In the Middle Ages, this idea resurfaced and was used in a Christian context to remind churchgoers that the afterlife awaited them. Church walls were adorned with elaborate paintings of skeletons and skulls, often showing kings, priests and peasants all being led by the hand by Death, demonstrating that no one was immune from the effects of time.

A silver watch with a painted face A silver pocket watch from 1791. The face shows a winged figure holding a scythe and hourglass, as well as the words ‘memento mori’. Photo by Birmingham Museums Trust.

Memento mori became especially popular in the 1600s, and people began carrying their own personal memento mori everywhere in the form of pocket watches, lockets and jewellery. This practice continued to be popular throughout the 18th and 19th Centuries, with Victorians adding their own style to the long-running tradition.

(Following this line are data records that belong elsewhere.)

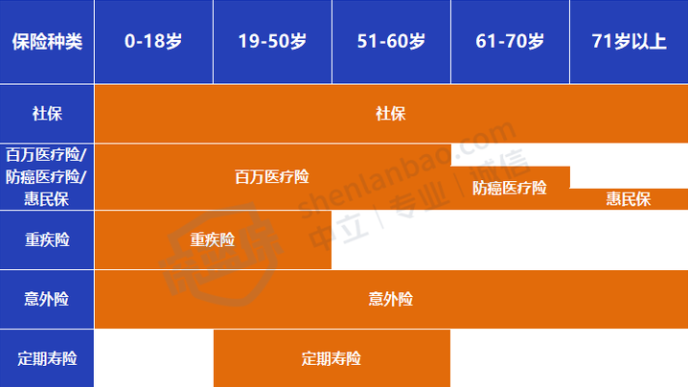 保险怎么买流程图_保险产品测评攻略_保险公司拉人头的目的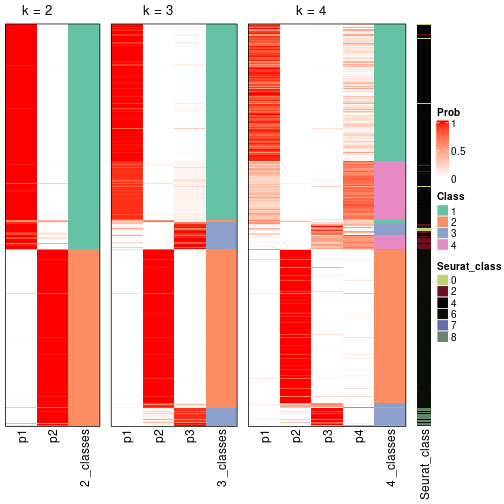 plot of chunk node-03-collect-classes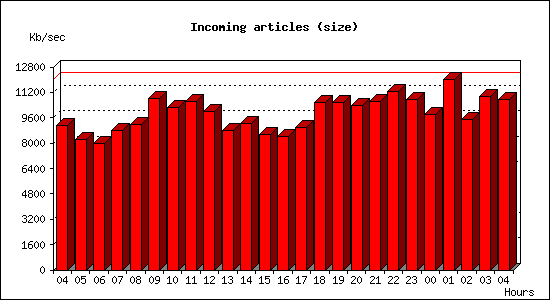 Incoming articles (size)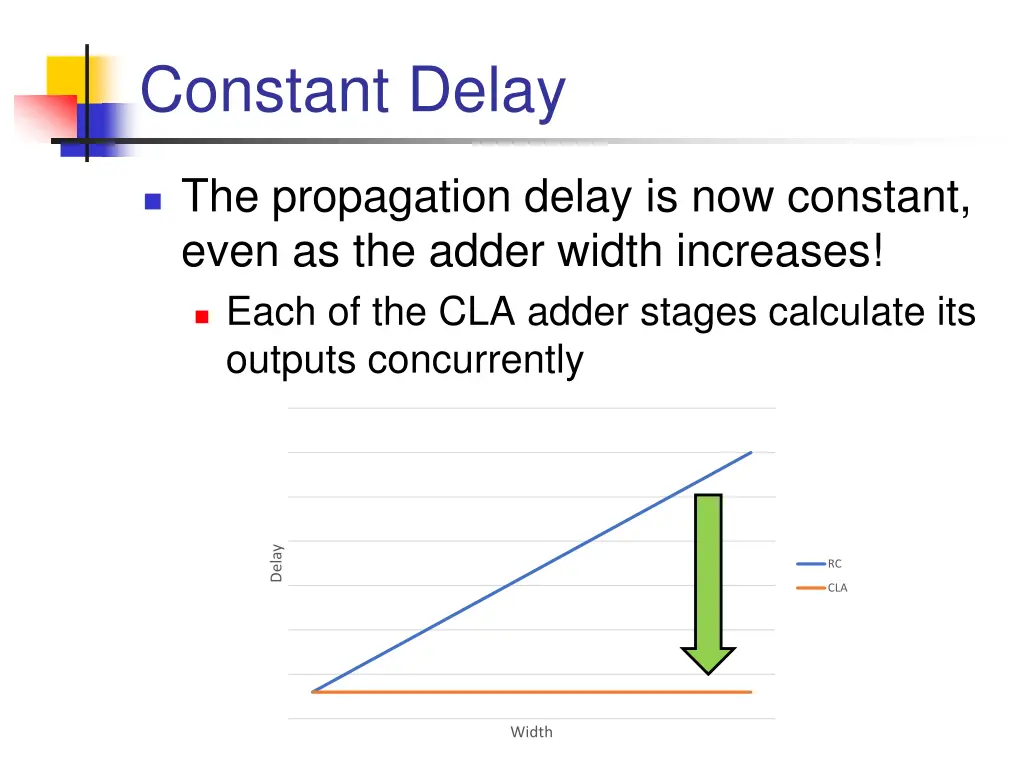 constant delay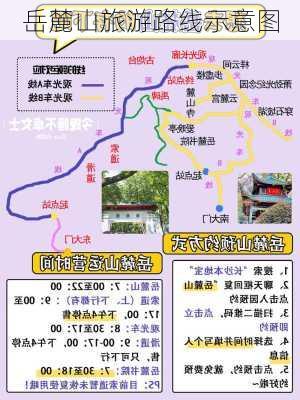 岳麓山旅游路线示意图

A gold coffin-shaped locket with silver skeleton A gold coffin-shaped locket to be worn as a necklace, containing a miniature skeleton, from the 18th Century.

Memento mori primarily had a moral and religious purpose: to remind its owner or viewer that the afterlife awaited, and to not be overtly attached to material pleasures, in light of the prospect of divine judgment.

But could memento mori make a comeback in modern life?

Memento mori in the modern world

Silver necklace pendant with skeleton Modern replica of a 19th Century wax seal made into a memento mori necklace. Available on Etsy.

Why would anyone want to be reminded about death? If that’s your first thought when you see memento mori, you’re not alone.

In the 21st Century, when death rates are down and people are living longer and longer, it’s easy to postpone any worries about the end of life. Indeed, in recent decades, Western society has become less and less familiar with death, to the point where it has become a taboo to talk about it.

There are, however, advantages to being reminding of your mortality. The death positive movement champions the idea that it is not only important, but beneficial to think and talk about the end of life. It can have a positive impact on your emotional well-being, ensure you get the care you want in your final days and, perhaps most importantly, give you a greater appreciation for life.

Perhaps this ancient practice deserves a revival. There’s no shortage of ornaments, jewellery and tokens out there that could act as a modern-day memento mori.